Hallyu Wave, Not Just An Ordinary Wave

‘Hallyu Wave’ may sound familiar to some people while others are probably wondering what kind of wave that is. No, it is not a kind of tidal wave that can be found daily at the sea. The term ‘Hallyu Wave’ refers to a sweeping phenomenon in which Korean cultural products (such as movies, popular songs, dramas, food and clothing) are enthusiastically hailed by people from countries all over the world. This unprecedented craze for Korean culture has been spreading in an astonishing speed for the last decade.

Hallyu Wave first took place in China and Southeast Asia around late 1990s, when a Korean pop group, H.O.T, released their album in China and became a hit. They are later credited as forerunners of the ‘idol group’ trend in South Korea. Short after, a Korean drama ‘Winter Sonata’ was broadcasted in 2002 and soon gained massive popularity throughout Asia as well as Europe and North America. The drama has been broadcasted in 13 different terrestrial and cable stations in Japan alone and viewed by over two-thirds of the nation’s television households.
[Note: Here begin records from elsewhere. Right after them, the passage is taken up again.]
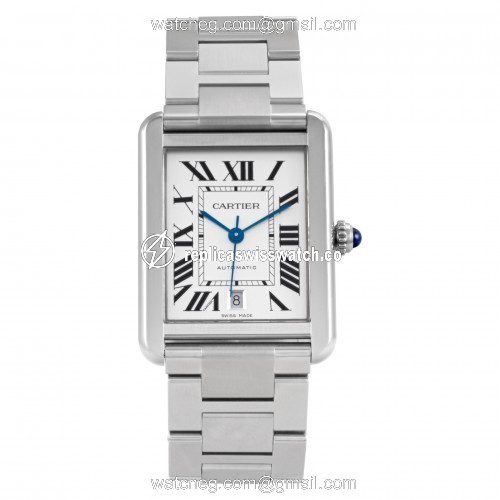 Cartier w5200028 Tank Solo Automatic Male Stainless Steel Watches Cartier w5200028 Tank Solo Automatic Male Stainless Steel Watches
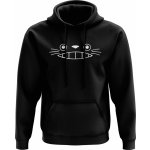 My Neighbor Totoro Mikina Totoro černé – Zboží Dáma My Neighbor Totoro Mikina Totoro černé – Zboží Dáma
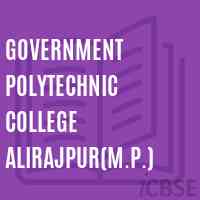 Government Polytechnic College Alirajpur(M.P.) Logo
One of the most important aspects of Hallyu Wave is music, which is widely known as ‘K-Pop’ (an abbreviation of Korean pop). ‘K-Pop’ is a musical genre consisting of pop, dance, electropop, hip hop, rock, R&B and electronic music. In the recent years, K-Pop has started to take domination over music industry, especially in Asia. In 2008, a famed Korean male group TVXQ made it in the Guinness World Record for having the world’s largest official fan club. They have more than 800,000 official members just in South Korea, more than 200,000 official members in Japan and more than 200,000 international fans. ‘Best Selection 2010’, which consists of their best-selling songs, was sold for more than 1.000.000 copies and got first place for world’s album selling, leaving popular names such as Black Eyed Peas, Justin Bieber and even Michael Jackson behind.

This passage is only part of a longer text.